Blogs, the new generation of the free press. Disparate, particularist, cranky … and a much-needed alternative for free thinkers who respect informed choices.
And with that, I bid you adieu for now. If you’re in New Orleans this weekend, have fun at Jazzfest (drop me an email if you want to get together). If elsewhere, have your own party.
Funny, I almost called my blog the NOLA Distress, a very obscure reference to the old late 60’s/early ’70s “Alternative Press” newspaper NOLA Express. I think that bloggers are very much teh inheritors of the pamphleteers of an earlier era.
Mitch’s head isn’t as shiny as Ray’s. That troubles me.
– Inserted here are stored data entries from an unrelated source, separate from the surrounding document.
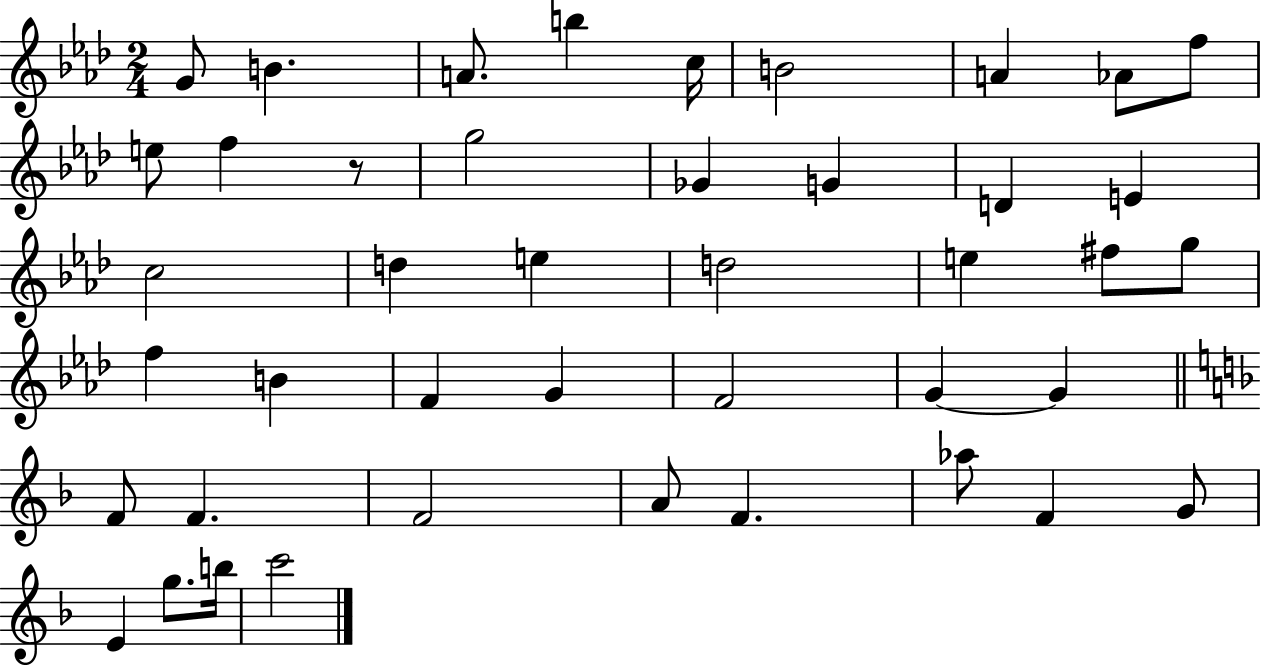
{
  \clef treble
  \numericTimeSignature
  \time 2/4
  \key aes \major
  g'8 b'4. | a'8. b''4 c''16 | b'2 | a'4 aes'8 f''8 | \break e''8 f''4 r8 | g''2 | ges'4 g'4 | d'4 e'4 | \break c''2 | d''4 e''4 | d''2 | e''4 fis''8 g''8 | \break f''4 b'4 | f'4 g'4 | f'2 | g'4~~ g'4 | \break \bar "||" \break \key f \major f'8 f'4. | f'2 | a'8 f'4. | aes''8 f'4 g'8 | \break e'4 g''8. b''16 | c'''2 | \bar "|."
}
That jazzfest lineup is INSANE. I’m so glad you are going to be there! I think it would be really, doubly excellent if you find a way to get backstage at some point, walk up to Lionel Richie, and say: “Hello- is it me you’re looking for?” :)
But seriously, Big Daddy Kane & Slick Rick?!? Bob Dylan?!? Cowboy Mouth? Yerba Buena? Every possible base seems to be covered!
Sounds like an awesome weekend. I’ll be tooling between Ann Arbor and Ypsilanti, most likely. Thanks for posting the Belloc article. I found many of his (and Chesterton’s) ideas to be — what’s the word? Intriguing? Thought-provoking? Brilliant? I’ll dig further.
And don’t think that Wisconsin hockey thing doesn’t cheese (ahem) this Michigan alum off.
Has it been a year since we met already? Time flies …
Mark, perhaps another blog or a group instance once you move here may reclaim the name, if it does not have trademark implications associated with it.
Ray, if Mitch is elected mayor, he must solemnly swear to get rid of that pathetic excuse for a patch of hair that covers the top of his head. Give it up, man, it’s GONE!
brimful, the crowds are just as insane this year. I am so proud of everyone who made the trek here and created a resounding success just on the first weekend. It rained quite heavily last night which renders the Fairgrounds a bog, so we’ll see about the numbers today.
Dave, in their own quaint and biased-by-the-times way, the likes of Belloc and Chesterton displayed a prescience and futuristic thought, which they actually put down as essays and theses instead of as fiction. Visionary, maybe. Thought-provoking, definitely.
Tilo, I was thinking just that as I walked by the Royal Cup a few days ago. It was just a year ago that we met there and talked of Tamil, life and everything. Happy first anniversary, dear!
i concur with brim. you ears are damn lucky, lady! i hope to see some flickr updates on pictures w/the named few.
it is way exciting to think that i’m part of the free press. ha!
//Happy first anniversary, dear!// ;-)
On the other hand it feels like I have known you for much longer than a year!